►

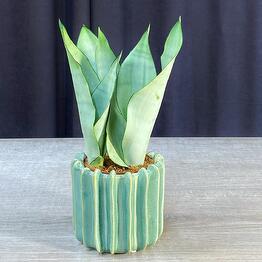 plants.nsk&kashpo_gorshok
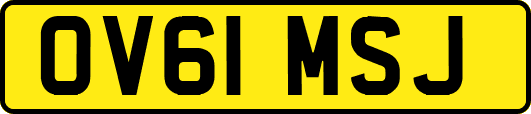 OV61MSJ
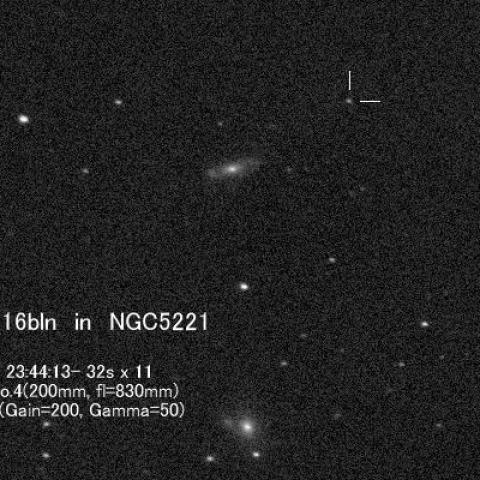 超新星2016bln in NGC5221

◄

» **Work instruction**
The material should be returned verbatim, with all images omitted.

» **Result of the task**
 plants.nsk&kashpo_gorshok
 OV61MSJ
 超新星2016bln in NGC5221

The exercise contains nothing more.